Top critical review
BIG TIME Fantasy
on 4 June 2016
Don't "Laugh At Me" but this is a well made film that had all the makings of being a great one except it relied much too heavily on the make believe of one man's love and promotion of the (big) self.
Some facts to bear in mind when following the cleverly constituted fact meets fiction storyline....
No-one from Good Vibrations was in the recording studio with The Undertones.
The first time anyone from Good Vibrations actually heard the recording was when it was delivered to the shop, direct from EMI in Dublin. They had no idea want it sounded like (or knew it was a 4 track EP) until they opened the boxes that had just been delivered.
Good Vibrations issued Teenage Kicks EP but that was the only link The Undertones had with that organisation. There was no contract.
The Undertones posted out several promo copies. Undertone Mickey Bradley was the one who posted the record to John Peel at Radio 1
The actual Good Vibrations record was never touted around big time record companies in London. It was never rejected by anyone. To imply otherwise was absurd. Teenage Kicks EP was so good it promoted itself, especially after John Peel received his copy in the post. He loved it and played it (twice). After that historic occasion every the record company, music journalist & DJ were falling over themselves to get in on the action.
Whatever big time record company moved the quickest (in this case it was Sire) got The Undertones signed up, and under contract, plus they got the Teenage Kicks EP tapes from Good Vibrations for a pittance.
Sire remixed the original recordings and issued Teenage Kicks as a two track 7" for radio promotional purposes only.
To this day I have never heard anyone express dislike of Teenage Kicks, except in one of the many make believe sections in this film.

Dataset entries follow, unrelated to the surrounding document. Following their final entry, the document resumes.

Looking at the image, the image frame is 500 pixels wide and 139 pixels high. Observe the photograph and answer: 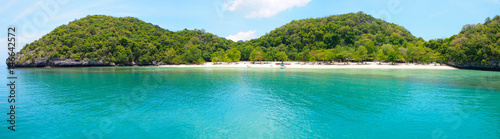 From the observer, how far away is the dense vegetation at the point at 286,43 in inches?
3231

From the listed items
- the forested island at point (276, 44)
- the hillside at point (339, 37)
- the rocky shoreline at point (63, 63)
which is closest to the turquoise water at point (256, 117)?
the forested island at point (276, 44)

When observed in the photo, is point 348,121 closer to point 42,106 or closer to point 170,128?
point 170,128

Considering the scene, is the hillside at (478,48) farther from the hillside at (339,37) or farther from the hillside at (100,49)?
the hillside at (100,49)

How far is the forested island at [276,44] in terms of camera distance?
80.3 meters

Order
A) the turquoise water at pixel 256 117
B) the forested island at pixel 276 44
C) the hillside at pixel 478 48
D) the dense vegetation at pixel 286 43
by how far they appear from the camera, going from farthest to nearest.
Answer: the dense vegetation at pixel 286 43, the forested island at pixel 276 44, the hillside at pixel 478 48, the turquoise water at pixel 256 117

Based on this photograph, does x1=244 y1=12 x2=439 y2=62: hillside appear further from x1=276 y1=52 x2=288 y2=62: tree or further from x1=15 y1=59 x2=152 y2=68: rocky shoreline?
x1=15 y1=59 x2=152 y2=68: rocky shoreline

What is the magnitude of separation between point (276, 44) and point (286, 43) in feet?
26.7

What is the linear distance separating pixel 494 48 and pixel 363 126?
277 ft

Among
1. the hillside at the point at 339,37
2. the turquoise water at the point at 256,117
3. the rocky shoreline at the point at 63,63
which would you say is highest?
the hillside at the point at 339,37

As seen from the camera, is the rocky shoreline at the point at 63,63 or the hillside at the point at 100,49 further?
the hillside at the point at 100,49

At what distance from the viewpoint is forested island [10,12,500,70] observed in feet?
263

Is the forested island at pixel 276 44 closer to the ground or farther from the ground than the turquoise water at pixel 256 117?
farther from the ground

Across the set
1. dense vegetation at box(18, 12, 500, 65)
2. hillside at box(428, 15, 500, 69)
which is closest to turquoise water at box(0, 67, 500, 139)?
hillside at box(428, 15, 500, 69)

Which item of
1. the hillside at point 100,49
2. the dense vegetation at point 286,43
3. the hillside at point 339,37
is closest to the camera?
the dense vegetation at point 286,43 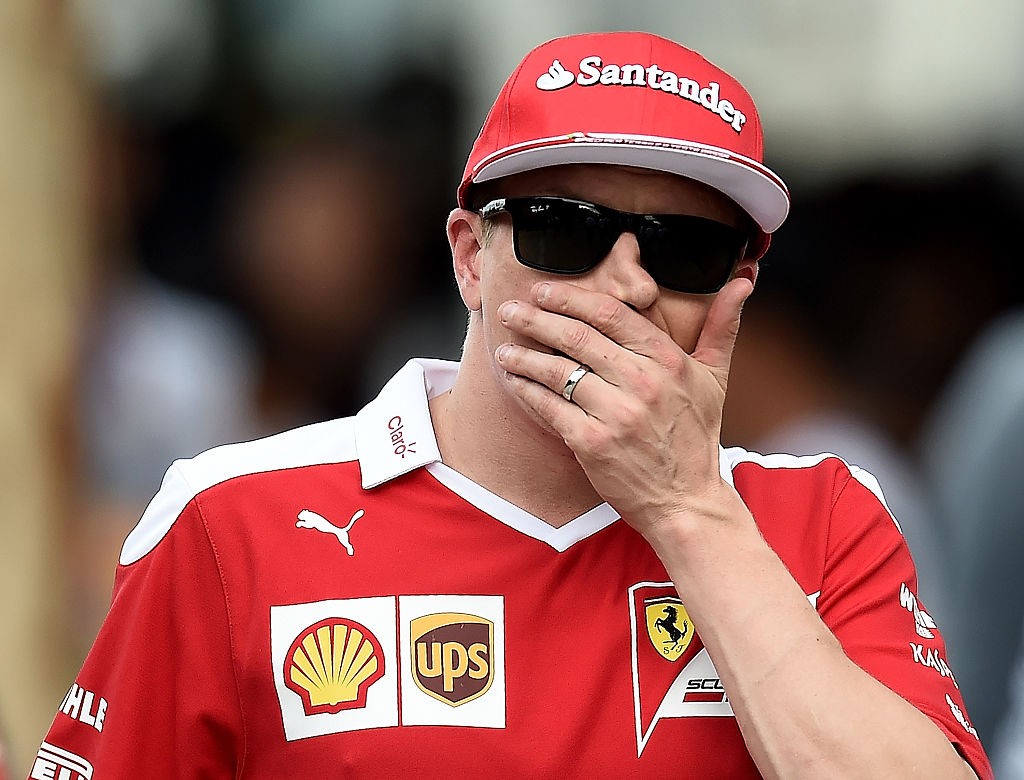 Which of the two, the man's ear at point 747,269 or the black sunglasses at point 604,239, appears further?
the man's ear at point 747,269

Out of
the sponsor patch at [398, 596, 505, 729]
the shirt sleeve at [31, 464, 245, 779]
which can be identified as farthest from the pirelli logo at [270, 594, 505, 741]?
the shirt sleeve at [31, 464, 245, 779]

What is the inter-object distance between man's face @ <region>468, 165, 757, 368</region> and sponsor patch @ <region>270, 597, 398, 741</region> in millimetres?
477

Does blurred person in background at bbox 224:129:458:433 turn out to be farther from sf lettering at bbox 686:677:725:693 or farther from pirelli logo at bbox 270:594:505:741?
sf lettering at bbox 686:677:725:693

There was a Good Vibrations concert one evening in Belfast's Ulster Hall. It ended with a mini battle between some punk band members and a small number of so called security. One of the so called security got on stage, grabbed the mike and encouraged the audience to chant "SS RUC". Perfect material for any film. One thing is for sure - it certainly did not end in the harmonious way portrayed in this film. The scene in which John Peel arrived unexpectedly for the Ulster Hall concert was pure fantasy.
Good Vibrations' owner had a constant craving for self publicity and praise, and the mix of a little fact with a large serving of fantasy in this film helps deliver that his way in abundance.
Chaotic Good Vibrations did go into bankruptcy (owing different suppliers differing amounts ), re-opened as Good Vibes, went bankrupt again, re-opened with another name, closed down again, re-opened with another name, changed address, got burned down/out, re-opened once again before closing again, probably for ever,
The Big Time for the Big Ego (Self) continued on though with a book of full of fantasic tales, followed by up with his great work of fiction.
Incidentally, Davy Shannon (the man who single handedly produced the original Good Vibrations Teenage Kicks EP) lived two doors down from Chris Stewart. Chris was a member of Eire Apparent (whose one and only album was produced by Jimi Hendrix).